Proximity effect on hydrodynamic interaction between a sphere and a plane measured by Force Feedback Microscopy at different frequencies
Simon Carpentier, Mario S. Rodrigues, Elisabeth Charlaix, Joel, Chevrier

TL;DR
This study uses Force Feedback Microscopy to measure viscous damping, stiffness, and static forces in a sphere-plane liquid interaction across various frequencies, revealing proximity effects in hydrodynamic interactions at the nanoscale.
Contribution
It introduces a method to simultaneously measure static force, stiffness, and dissipation in sphere-plane geometry using FFM across a broad frequency range.
Findings
Measured viscous damping and stiffness over a large frequency range.
Demonstrated the capability of FFM to perform nano-scale surface force measurements.
Compared FFM results with traditional Surface Force Apparatus measurements.
Abstract
In this article, we measure the viscous damping and the associated stiffness of a liquid flow in sphere-plane geometry in a large frequency range.
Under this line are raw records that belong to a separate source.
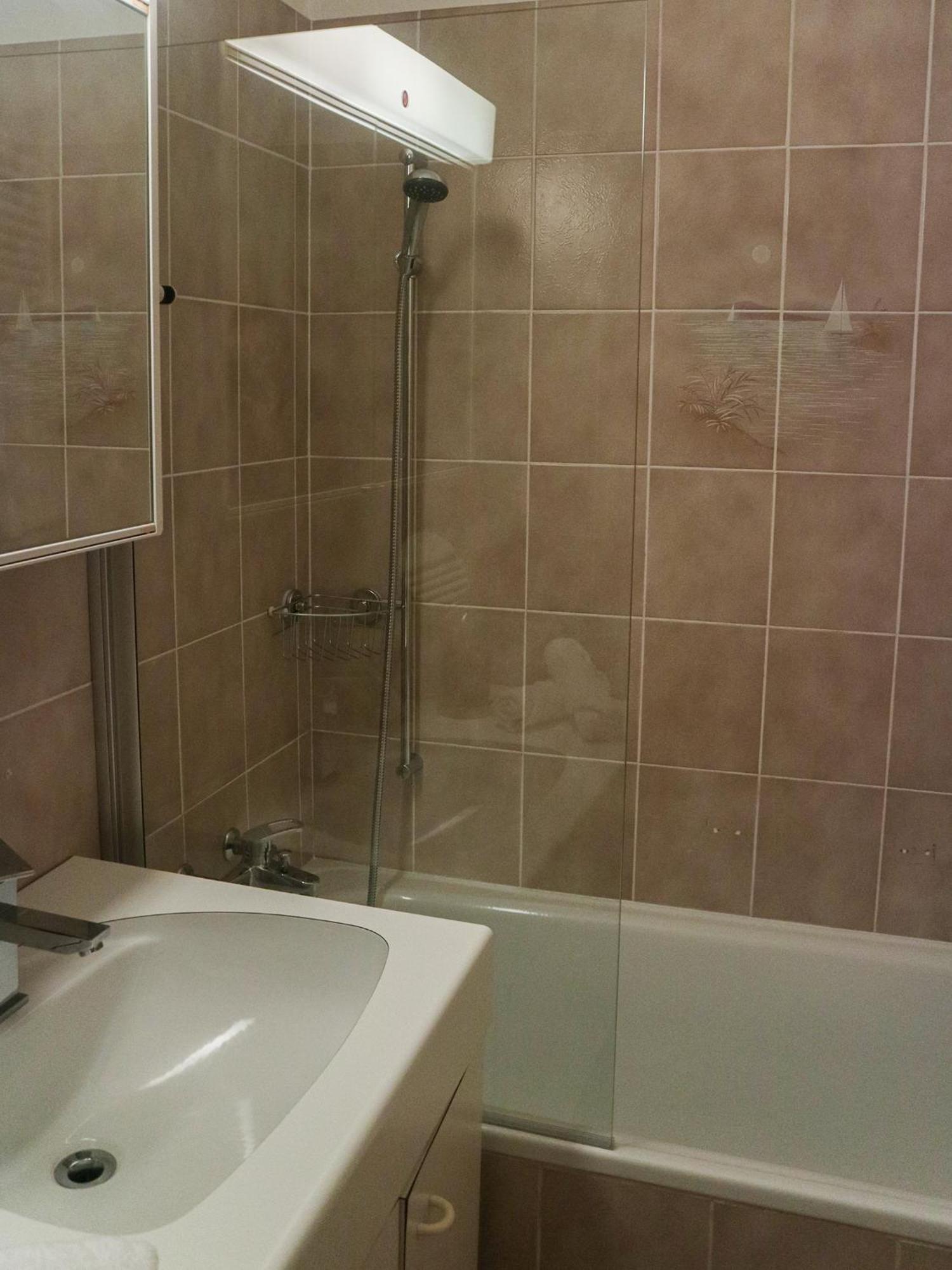 Wisteria House - Holiday Apartment Cadenazzo Εξωτερικό φωτογραφία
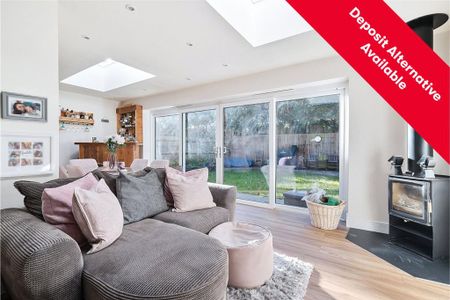 4 bedroom link detached house to rent - Photo 2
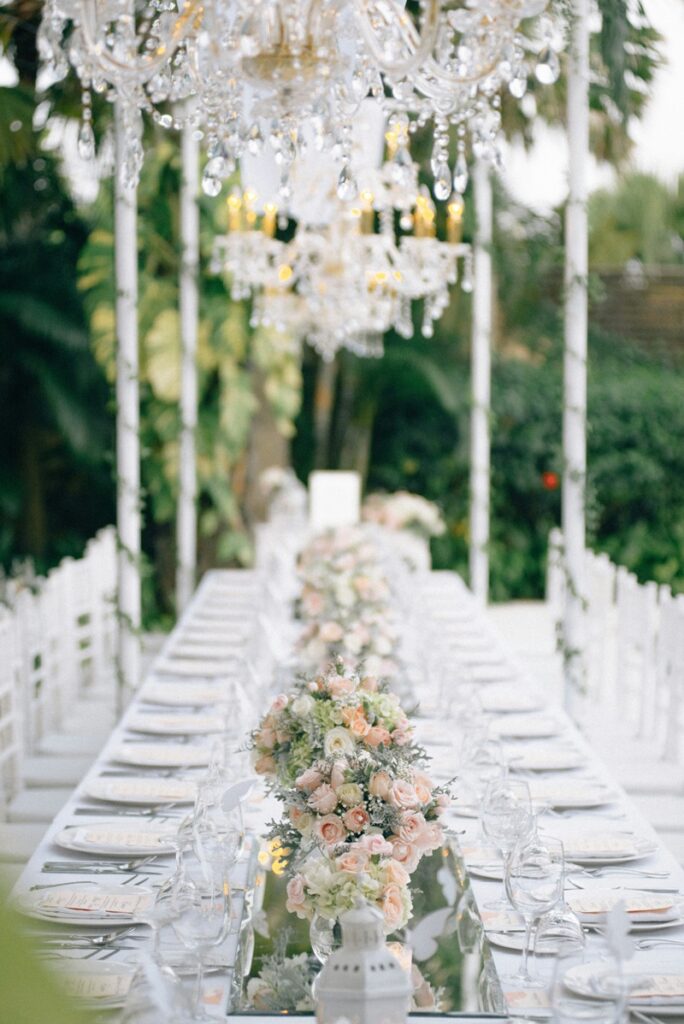 floral decor wedding trends 2026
In this regime, the lubrication approximation is expected to dominate. We first measure the static force applied to the tip. This is made possible thanks to a force feedback method. Adding a sub-nanometer oscillation of the tip, we obtain the dynamic part of the interaction with solely the knowledge of the lever properties in the experimental context using a linear transformation of the amplitude and phase change. Using a Force Feedback Microscope (FFM)we are then able to measure simultaneously the static force, the stiffness and the dissipative part of the interaction in a broad frequency range using a single AFM probe. Similar measurements have been performed by the Surface Force Apparatus with a probe radius hundred times…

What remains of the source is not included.